MapReduce vs Distributed Databases
MapReduce embodies a different philosophy from MPP (massively parallel processing) analytic databases. MPP databases want data loaded into a schema first and run optimized SQL. MapReduce (and the Hadoop ecosystem) embraces schema-on-read: dump raw data into the distributed filesystem and figure out its structure when you read it, enabling diverse, evolving processing (SQL, ML, custom code) over the same raw data. This made Hadoop a flexible "data lake" at the cost of MPP's query optimization.
The Output and Fault Tolerance
Batch jobs typically produce bulk outputs: building a search index (how Google originally used MapReduce), training a recommendation/ML model, or constructing read-only key-value stores to be loaded into serving systems. The crucial design principle is that inputs are immutable and jobs have no side effects — a job only reads its input and writes a fresh output, never modifying the input in place. This gives fault tolerance almost for free: if a task fails (machine crash), the framework simply reruns it on another machine, because the deterministic computation on the same immutable input yields the same result. It also makes experimentation safe — a buggy job can be rerun without having corrupted anything.

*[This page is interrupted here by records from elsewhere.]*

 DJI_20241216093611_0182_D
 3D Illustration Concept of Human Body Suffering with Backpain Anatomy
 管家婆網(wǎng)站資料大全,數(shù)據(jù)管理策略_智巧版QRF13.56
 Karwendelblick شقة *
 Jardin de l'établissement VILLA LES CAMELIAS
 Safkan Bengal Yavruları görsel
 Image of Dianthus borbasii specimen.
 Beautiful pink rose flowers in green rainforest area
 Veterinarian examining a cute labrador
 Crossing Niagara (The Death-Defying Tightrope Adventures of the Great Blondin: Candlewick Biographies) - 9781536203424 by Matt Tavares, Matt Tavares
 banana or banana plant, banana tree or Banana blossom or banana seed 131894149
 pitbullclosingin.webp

Beyond MapReduce: Dataflow Engines
MapReduce's biggest inefficiency: it materializes intermediate state to disk (the distributed filesystem) between every map-reduce step. For a workflow of many steps, this means writing and re-reading (and re-replicating) gigabytes repeatedly, and each step can't start until the previous fully finishes. Dataflow engines — Spark, Tez, Flink — fix this by modeling the entire workflow as a single job of connected operators:
- They avoid unnecessary materialization, pipelining data between operators and keeping it in memory where possible.

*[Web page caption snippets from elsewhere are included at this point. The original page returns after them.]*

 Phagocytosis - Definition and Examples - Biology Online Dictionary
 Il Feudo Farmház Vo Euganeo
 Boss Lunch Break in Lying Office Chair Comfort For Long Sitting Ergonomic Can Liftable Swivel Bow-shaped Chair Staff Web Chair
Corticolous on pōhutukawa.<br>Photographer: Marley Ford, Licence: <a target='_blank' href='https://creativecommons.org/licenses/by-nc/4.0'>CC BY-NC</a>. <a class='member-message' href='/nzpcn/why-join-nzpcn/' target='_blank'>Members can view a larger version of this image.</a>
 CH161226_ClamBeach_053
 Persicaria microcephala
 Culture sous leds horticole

- They schedule the whole graph together, so operators can overlap and the engine can optimize across step boundaries.
- Sorting (the expensive shuffle) is done only where actually needed, not at every boundary.
| Aspect | MapReduce | Dataflow engine (Spark/Flink) |
|---|---|---|
| Intermediate state | Written to disk every step | Pipelined / kept in memory |
| Job model | Independent map+reduce steps | One operator graph (DAG) |
| Latency | High (disk + step barriers) | Lower (overlap, memory) |
| Fault tolerance | Re-read materialized output | Recompute from lineage (Spark RDDs) |
| Iterative jobs | Painful (re-read each pass) | Efficient (cache in memory) |
The trade-off is fault tolerance: with no materialized intermediate state to fall back on, dataflow engines must recompute lost data. Spark tracks the lineage of each dataset (the operations that produced it) so it can recompute just the lost partitions — provided the computation was deterministic. For graph and iterative algorithms (e.g. PageRank), specialized models like Pregel's "think like a vertex" approach pass messages between vertices across iterations far more efficiently than re-running MapReduce each pass.
Batch processing's enduring lessons are about design discipline, not just throughput: immutable inputs and side-effect-free, deterministic jobs make fault tolerance, retries, and experimentation trivial. MapReduce proved the model at scale by borrowing the Unix philosophy; dataflow engines refined it by not touching the disk between every step. The same "derived data from immutable inputs" idea reappears, in continuous form, in stream processing.
What are the three stages of MapReduce? Map (emit key-value pairs), shuffle (framework sorts and groups by key), reduce (process each key's values). The shuffle is the expensive, essential middle.
Reduce-side vs map-side join? Reduce-side (sort-merge) is general but shuffles everything; map-side (broadcast or partitioned hash) skips the shuffle when one input is small or both are co-partitioned.
Why is batch fault tolerance easy? Inputs are immutable and jobs deterministic with no side effects, so a failed task is simply rerun and produces the same result.
Why are Spark/Flink faster than MapReduce? They model the workflow as one operator graph and pipeline data in memory instead of materializing every intermediate step to disk.